Research

What Are We Trying To Achieve?

As feature-size scaling and “Moore’s Law” in CMOS circuits further slow down, attention is shifting to computing by non-von Neumann, non-CMOS, and non-Boolean computing models.

Our goal is to develop disruptive new computing paradigms and machines that will allow for lasting breakthroughs and open new application domains in the next 5-20 years.

What’s Our Secret Sauce?

We use a radical interdisciplinary approach and apply tools from computer science, computer engineering, physics, biology, complex systems science, and cognitive science to the study and the design of next generation computing models and architectures.

The core of teuscher.:Lab is the unique, diverse, and highly interdisciplinary team. Together, we are more then he sum of our parts.
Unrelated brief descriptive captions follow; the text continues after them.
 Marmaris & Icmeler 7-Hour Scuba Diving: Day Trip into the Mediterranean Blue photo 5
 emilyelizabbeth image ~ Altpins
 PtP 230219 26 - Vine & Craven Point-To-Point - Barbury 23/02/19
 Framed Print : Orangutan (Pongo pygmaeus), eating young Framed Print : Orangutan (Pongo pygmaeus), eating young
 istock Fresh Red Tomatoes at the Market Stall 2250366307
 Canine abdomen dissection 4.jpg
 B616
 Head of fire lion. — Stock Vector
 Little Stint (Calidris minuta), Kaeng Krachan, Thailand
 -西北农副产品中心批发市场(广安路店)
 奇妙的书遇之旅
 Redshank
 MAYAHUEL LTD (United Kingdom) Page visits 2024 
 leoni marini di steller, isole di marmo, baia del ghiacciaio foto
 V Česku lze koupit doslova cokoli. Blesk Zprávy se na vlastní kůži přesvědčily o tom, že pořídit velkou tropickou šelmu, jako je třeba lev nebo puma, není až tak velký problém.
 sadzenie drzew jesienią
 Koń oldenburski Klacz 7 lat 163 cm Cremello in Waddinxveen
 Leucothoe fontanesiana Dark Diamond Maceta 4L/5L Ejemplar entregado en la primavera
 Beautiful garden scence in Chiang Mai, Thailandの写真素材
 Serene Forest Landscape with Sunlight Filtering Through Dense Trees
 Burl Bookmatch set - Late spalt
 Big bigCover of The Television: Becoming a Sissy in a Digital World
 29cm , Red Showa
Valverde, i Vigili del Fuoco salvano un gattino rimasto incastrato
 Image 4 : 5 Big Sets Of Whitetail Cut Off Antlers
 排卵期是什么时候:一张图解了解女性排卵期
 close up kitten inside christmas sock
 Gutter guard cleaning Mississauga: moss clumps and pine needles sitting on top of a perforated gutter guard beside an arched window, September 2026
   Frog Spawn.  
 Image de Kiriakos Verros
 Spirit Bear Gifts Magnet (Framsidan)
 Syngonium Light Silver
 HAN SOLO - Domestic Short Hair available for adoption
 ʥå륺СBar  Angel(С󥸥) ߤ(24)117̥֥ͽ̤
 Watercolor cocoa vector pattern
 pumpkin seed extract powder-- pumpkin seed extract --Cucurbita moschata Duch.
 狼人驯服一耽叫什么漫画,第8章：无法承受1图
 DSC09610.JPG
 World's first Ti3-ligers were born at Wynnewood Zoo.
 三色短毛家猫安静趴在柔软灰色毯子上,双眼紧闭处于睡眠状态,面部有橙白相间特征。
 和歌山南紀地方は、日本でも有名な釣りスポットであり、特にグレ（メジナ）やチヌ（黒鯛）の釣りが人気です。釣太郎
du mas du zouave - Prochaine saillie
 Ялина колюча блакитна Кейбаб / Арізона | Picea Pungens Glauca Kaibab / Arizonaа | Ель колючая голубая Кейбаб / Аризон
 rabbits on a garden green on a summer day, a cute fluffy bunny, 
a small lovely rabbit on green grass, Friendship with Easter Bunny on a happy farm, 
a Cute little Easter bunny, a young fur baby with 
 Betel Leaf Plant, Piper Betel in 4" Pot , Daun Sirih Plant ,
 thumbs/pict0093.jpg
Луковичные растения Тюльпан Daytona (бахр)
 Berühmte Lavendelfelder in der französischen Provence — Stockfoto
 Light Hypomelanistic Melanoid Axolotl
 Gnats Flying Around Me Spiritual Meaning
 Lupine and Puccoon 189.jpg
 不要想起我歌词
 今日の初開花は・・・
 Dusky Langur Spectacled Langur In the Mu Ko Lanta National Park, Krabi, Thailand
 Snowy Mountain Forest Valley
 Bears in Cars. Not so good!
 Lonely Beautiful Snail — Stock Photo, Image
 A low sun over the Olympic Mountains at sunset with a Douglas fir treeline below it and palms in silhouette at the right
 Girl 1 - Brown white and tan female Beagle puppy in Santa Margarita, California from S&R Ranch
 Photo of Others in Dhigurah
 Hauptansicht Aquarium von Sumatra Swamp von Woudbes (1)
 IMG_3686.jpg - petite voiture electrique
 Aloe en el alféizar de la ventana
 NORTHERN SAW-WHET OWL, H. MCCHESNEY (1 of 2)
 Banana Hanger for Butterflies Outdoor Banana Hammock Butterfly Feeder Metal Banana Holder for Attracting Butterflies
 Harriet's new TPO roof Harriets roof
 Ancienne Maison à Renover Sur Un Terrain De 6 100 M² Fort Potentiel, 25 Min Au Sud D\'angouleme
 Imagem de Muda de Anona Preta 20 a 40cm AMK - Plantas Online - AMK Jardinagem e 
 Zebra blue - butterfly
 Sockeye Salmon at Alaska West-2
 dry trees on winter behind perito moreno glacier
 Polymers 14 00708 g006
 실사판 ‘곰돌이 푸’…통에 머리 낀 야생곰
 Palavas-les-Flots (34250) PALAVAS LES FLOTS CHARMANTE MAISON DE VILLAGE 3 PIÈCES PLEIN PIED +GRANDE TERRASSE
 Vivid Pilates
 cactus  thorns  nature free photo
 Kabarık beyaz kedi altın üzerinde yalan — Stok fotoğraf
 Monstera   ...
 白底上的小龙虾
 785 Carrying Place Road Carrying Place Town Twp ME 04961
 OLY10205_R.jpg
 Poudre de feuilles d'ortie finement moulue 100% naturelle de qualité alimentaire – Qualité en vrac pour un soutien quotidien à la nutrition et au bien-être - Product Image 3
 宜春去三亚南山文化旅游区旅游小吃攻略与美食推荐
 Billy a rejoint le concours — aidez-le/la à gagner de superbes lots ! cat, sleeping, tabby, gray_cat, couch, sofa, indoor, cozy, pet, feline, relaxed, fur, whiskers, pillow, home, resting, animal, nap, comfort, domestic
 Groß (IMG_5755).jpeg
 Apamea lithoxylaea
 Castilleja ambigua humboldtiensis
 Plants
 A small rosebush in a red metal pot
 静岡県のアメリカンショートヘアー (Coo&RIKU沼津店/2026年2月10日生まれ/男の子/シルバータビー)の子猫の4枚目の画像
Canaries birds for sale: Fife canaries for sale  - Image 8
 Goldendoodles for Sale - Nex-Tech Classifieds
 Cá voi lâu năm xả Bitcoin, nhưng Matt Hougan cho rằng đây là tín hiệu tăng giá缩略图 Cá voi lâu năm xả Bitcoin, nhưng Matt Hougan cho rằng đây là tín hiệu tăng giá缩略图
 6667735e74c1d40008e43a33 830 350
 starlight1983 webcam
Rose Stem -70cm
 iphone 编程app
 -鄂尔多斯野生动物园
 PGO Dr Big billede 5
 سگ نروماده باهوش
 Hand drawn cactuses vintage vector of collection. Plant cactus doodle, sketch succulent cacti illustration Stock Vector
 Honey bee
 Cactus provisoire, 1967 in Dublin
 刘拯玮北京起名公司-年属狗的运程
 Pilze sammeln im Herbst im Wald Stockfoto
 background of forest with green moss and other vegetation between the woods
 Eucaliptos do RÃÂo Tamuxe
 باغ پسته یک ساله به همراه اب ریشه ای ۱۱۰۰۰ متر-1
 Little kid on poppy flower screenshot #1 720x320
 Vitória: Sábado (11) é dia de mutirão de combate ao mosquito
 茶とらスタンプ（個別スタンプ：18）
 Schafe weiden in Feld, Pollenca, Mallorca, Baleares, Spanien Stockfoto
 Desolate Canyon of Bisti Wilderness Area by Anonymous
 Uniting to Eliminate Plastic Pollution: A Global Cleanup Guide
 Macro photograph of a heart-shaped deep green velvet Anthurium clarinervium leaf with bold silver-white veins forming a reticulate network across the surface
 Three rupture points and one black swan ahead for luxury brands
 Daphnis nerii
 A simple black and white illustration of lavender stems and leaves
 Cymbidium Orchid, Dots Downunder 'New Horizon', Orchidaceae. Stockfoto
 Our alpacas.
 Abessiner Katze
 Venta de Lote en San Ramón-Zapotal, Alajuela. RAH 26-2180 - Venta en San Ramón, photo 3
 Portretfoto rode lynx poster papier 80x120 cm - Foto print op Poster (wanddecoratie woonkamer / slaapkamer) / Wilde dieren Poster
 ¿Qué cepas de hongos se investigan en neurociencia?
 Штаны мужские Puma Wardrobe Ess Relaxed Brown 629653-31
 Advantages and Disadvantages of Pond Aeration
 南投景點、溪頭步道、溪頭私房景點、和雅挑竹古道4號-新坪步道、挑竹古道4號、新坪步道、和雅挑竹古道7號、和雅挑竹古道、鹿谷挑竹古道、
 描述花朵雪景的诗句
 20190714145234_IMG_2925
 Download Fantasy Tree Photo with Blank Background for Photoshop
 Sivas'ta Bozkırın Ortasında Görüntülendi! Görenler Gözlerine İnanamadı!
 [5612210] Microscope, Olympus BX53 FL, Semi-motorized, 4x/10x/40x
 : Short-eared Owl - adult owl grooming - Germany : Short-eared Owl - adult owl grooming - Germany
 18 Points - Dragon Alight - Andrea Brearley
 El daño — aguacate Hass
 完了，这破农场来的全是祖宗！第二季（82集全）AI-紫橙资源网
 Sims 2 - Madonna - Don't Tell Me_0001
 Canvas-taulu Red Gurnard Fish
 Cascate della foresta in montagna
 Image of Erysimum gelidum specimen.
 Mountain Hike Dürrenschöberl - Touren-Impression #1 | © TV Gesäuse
The success of our research also heavily relies on our sponsors and on many local, national, and international collaborations.

Our Core Expertise

  • Non-classical computation
  • Biomolecular computation
  • Neuromorphic computation
  • Machine learning and optimization techniques.
  • Computation with random systems
  • Intrinsic computation
  • Non-linear dynamical systems
  • Complex and adaptive systems and networks
  • Large-scale simulations

For students who want to probe further: Project areas and readings

Computing Education

We are committed to educate a new generation of students to make a difference for today’s and tomorrow’s society that depends on increasingly pervasive and complex computers.